French producer Rosem Films has established a Hong Kong production office, which will produce the next projects from award-winning Chinese directors Wang Chao and Guo Xiaolu.

Headed by Anais Martane, the Hong Kong entity will develop and co-produce projects with mainland China, beginning with Wang's upcoming drama Starting Over, a co-production with Hangzhou-based Golden Globe Pictures. Martane will also oversee a Beijing representative office.

According to Rosem Films' founder Sylvain Bursztejn, the Hong Kong entity will enter into official co-productions with China, something which his Paris-based company is currently unable to do, as there is still no co-production treaty between China and France.

'Also, as production increases in Asia, and especially in China, we feel that most of Rosem's projects should be produced in Hong Kong,' Bursztejn said. 'We will continue to produce French movies, and will pre-sell and finance Asian movies in Europe, but the model now is to use Hong Kong as a base for developing Asian projects.'

Wang, who picked up the top prize in Cannes' Un Certain Regard last year for Luxury Car, is scheduled to start shooting Starting Over in the Chinese city of Hangzhou on September 1. The film tells story of a doctor who faces a moral dilemma when his wife and her lover are seriously injured in a car crash and the wife loses her memory of the affair.

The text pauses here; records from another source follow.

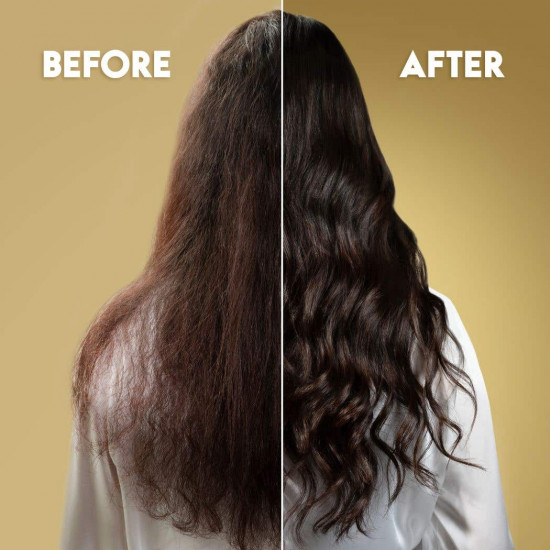 هيد اند شولدرز بلسم تجديد 200 مل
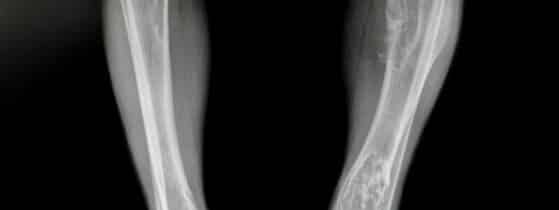 Définition de la Dysplasie Fibreuse des Os (DFO)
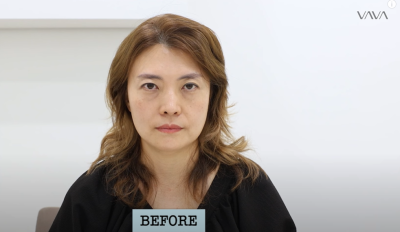 A 50-something mom's second prime: Real review of middle-aged eye surgery, lower blepharoplasty, and forehead lift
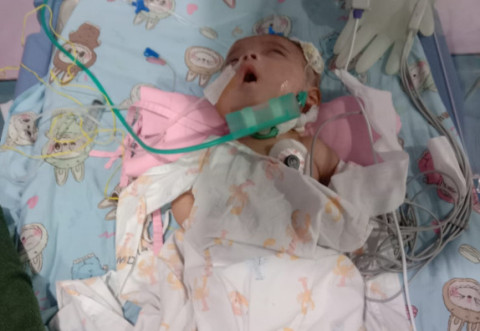 Terbaring Lemah, Bantu Bayi 3 Bulan Ini Sembuh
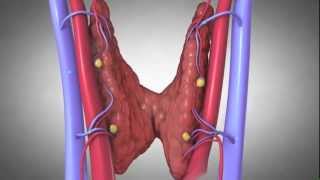 Parathyroides et Lhyperparathyroïdisme [upl. by Rozella]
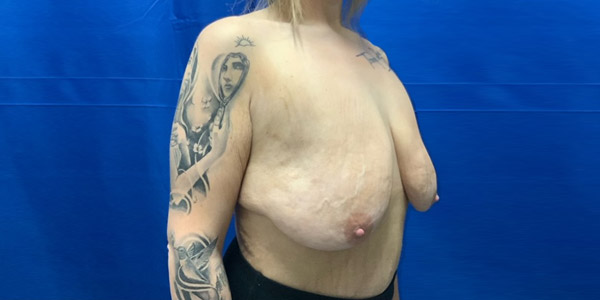 Mastopexy and augmentation angle before Mastopexy and augmentation angle before
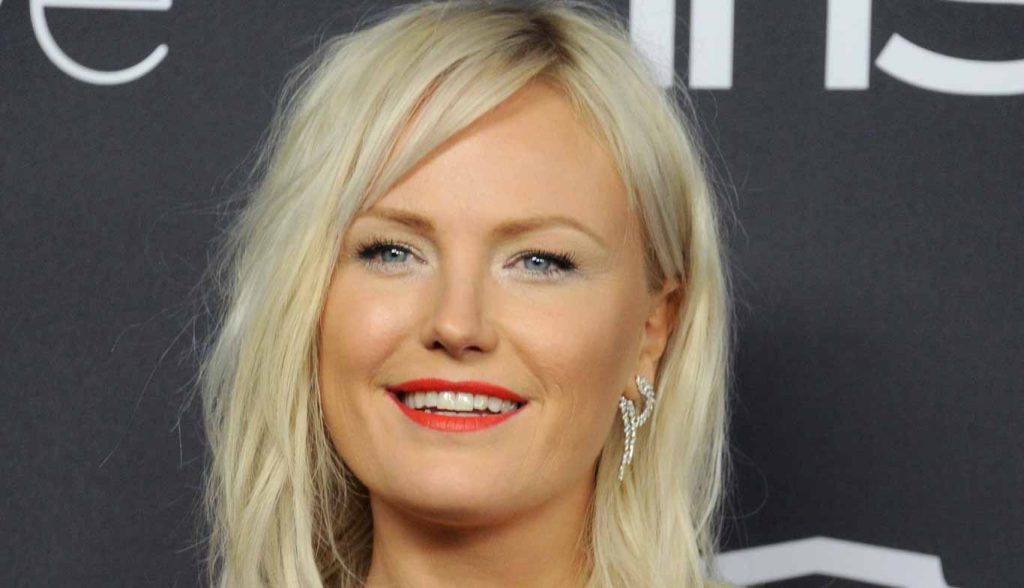 Malin Akerman Plastic Surgery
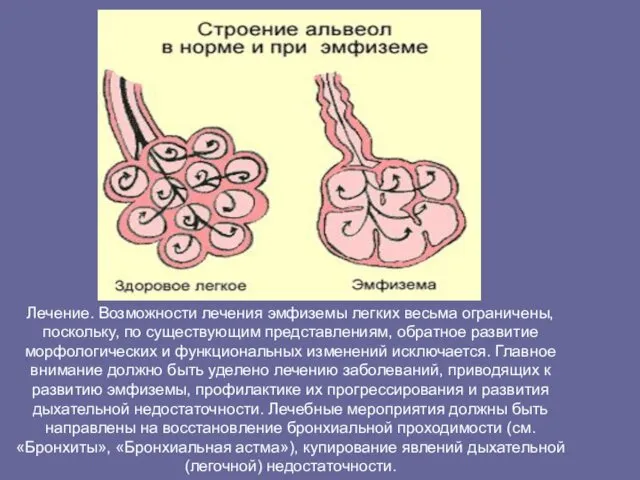 Лечение. Возможности лечения эмфиземы легких весьма ограничены, поскольку, по существующим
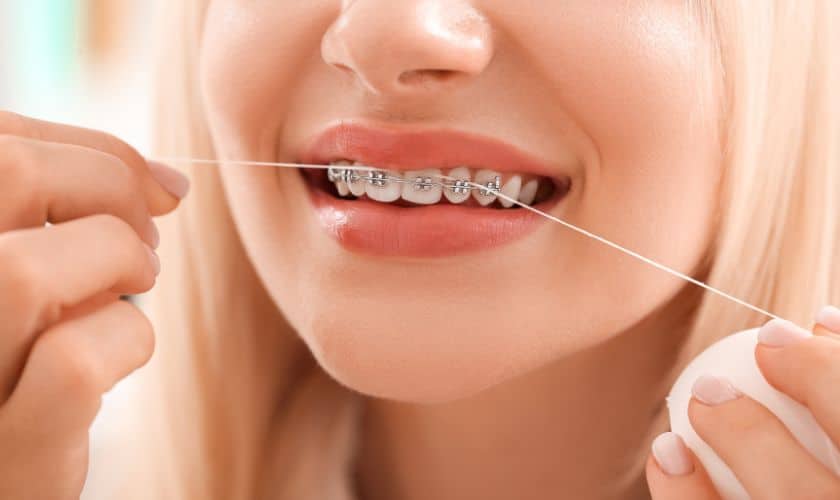 Orthodontics Treatment in East Downtown Houston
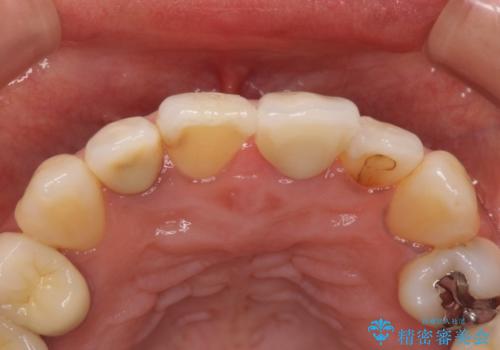 前歯が歯茎の中で折れた　部分的矯正を併用したかぶせ物の治療の治療後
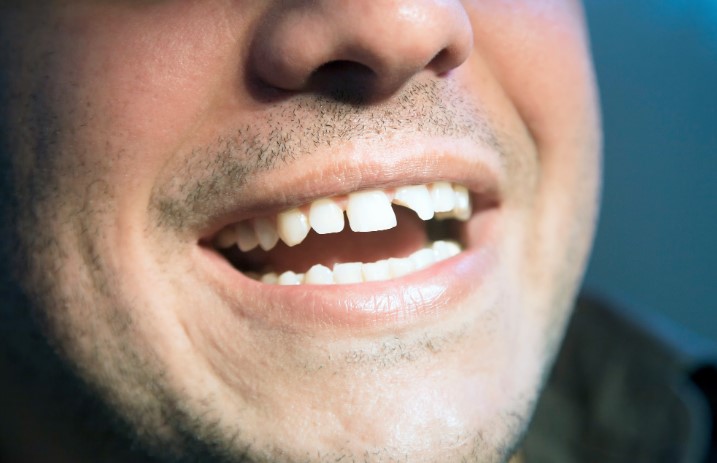 stories/broken-teeth.jpg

At a press conference at the Shanghai International Film Festival (SIFF) today, Wang described the project as his most accessible to date. Bursztejn will produce with Golden Globe Pictures' general manager Chen Jinhai.

In addition, Rosem is co-producing Guo's La Chinoise with the UK 's Tigerlily Films. Developed by Tigerlily and Film Four, the project is based on Guo's novel, A Concise Chinese-English Dictionary For Lovers, and tells the story of a young Chinese girl who falls in love with a gangster in Beijing and then runs away to London when he is killed.

Tigerlily's Natasha Dack is producing the film, which is scheduled to start shooting in the fourth quarter of this year, with Bursztejn as co-producer. The project has also secured funding from France 's Fonds Sud.

Guo, a female novelist and filmmaker, came to international attention with How Is Your Fish Today' which won the Netpac award at Rotterdam and the Grand Prix at the Creteil International Women's Festival earlier this year.